Pierre Maubé est un grand connaisseur de la poésie d'aujourd'hui, c'est un passeur hors pair qui nous ouvre en grand les portes de son blog, même quand c'est pour y exprimer sa "fatigue" à l'égard de certain(e)s...
Le dernier loup, paru récemment aux éditions Bérénice, rassemble plus de soixante-dix proses poétiques. C'est un livre dense, profond, un recueil émouvant parce que l'auteur s'y livre corps et âme, entièrement. Dans une suite de tableaux tout d'abord où le présent historique prend tout son sens. Des confidences familiales ensuite, parfois claires, parfois sybillines, toujours d'une extrême délicatesse. Le tout émaillé de dialogues tendres et drôles ainsi que d'un éventail de références culturelles, - poétiques, mais pas seulement -, qui va de l'Antiquité à nos jours...
Un ancrage marqué pour un village des Pyrénées, une certaine nostalgie pour la civilisation de la ruralité... Le fil rouge qui parcourt tout le livre me semble être cependant une recherche sur le difficile mais essentiel acte d'écrire, un incessant questionnement sur le miracle toujours renouvelé du poème.

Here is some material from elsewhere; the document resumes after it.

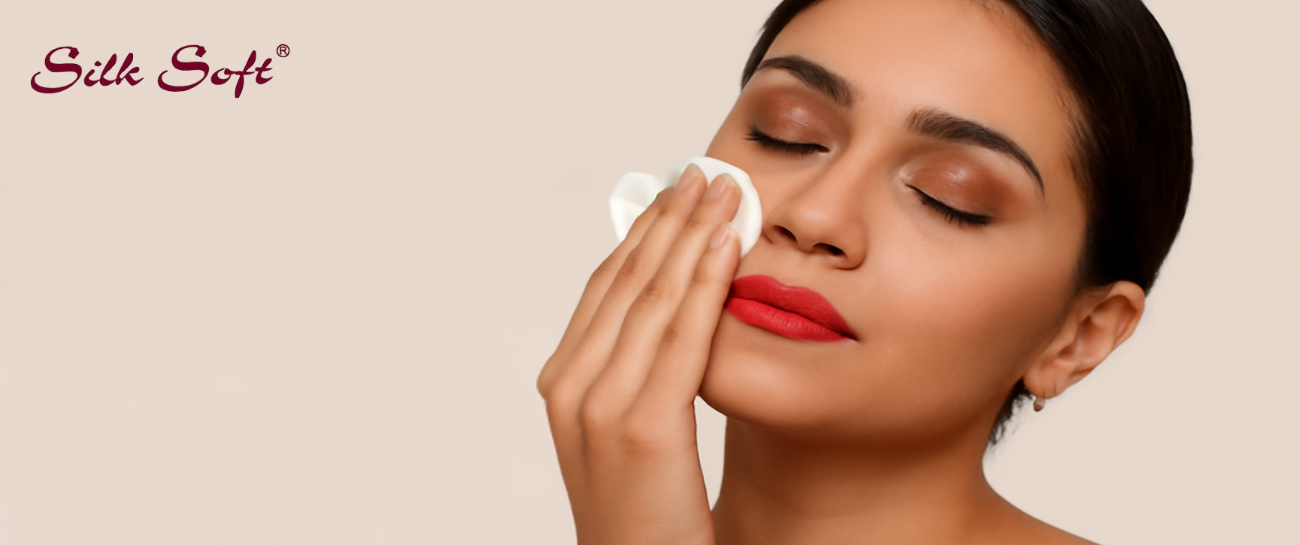 How to Remove the Makeup: Step-by-Step Skincare Routine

Difficile de choisir un seul poème :
A l'angle du mur.
Dans le jardin, à l'angle du mur, une touffe de thym. Elle est énorme, c'est presque un buisson, inépuisable source de parfums pour les civets dominicaux.
Je passais devant depuis des années, ce matin-là, je m'arrête près d'elle.
La voix de mon père me tire de ma rêverie.
" - Moi aussi, tu sais, je l'ai toujours vue.
- Depuis quand est-elle là ?
- Ma grand-mère me disait que son grand-père y prenait déjà des brins de thym..."
Le grand-père de mon arrière-grand-mère... Il a dû naître vers 1770.
Sous Louis XV.
Deux siècles. Quatre révolutions. Cinq républiques. Une dizaine de guerres.
Six générations.
Un peu de thym.
Ce n'est pas un cèdre du Liban, ni un séquoia géant de Californie. Ce n'est pas un monument bien grandiose. C'est juste une touffe de thym dans un coin de jardin, quelque part dans les Pyrénées centrales.
Elle accompagne une famille, les parents, les enfants, les enfants qui deviennent parents, ceux qui viennent à leur tour dans le jardin, ceux qui ne viendront plus jamais. Elle fait son travail modestement, sans impatience et sans mémoire.
Au présent.
Le temps, c'est de l'argent ? L'argent n'a pas d'odeur, l'odeur n'a pas d'histoire...
Je prends quelques brins de thym et je les froisse entre mes doigts.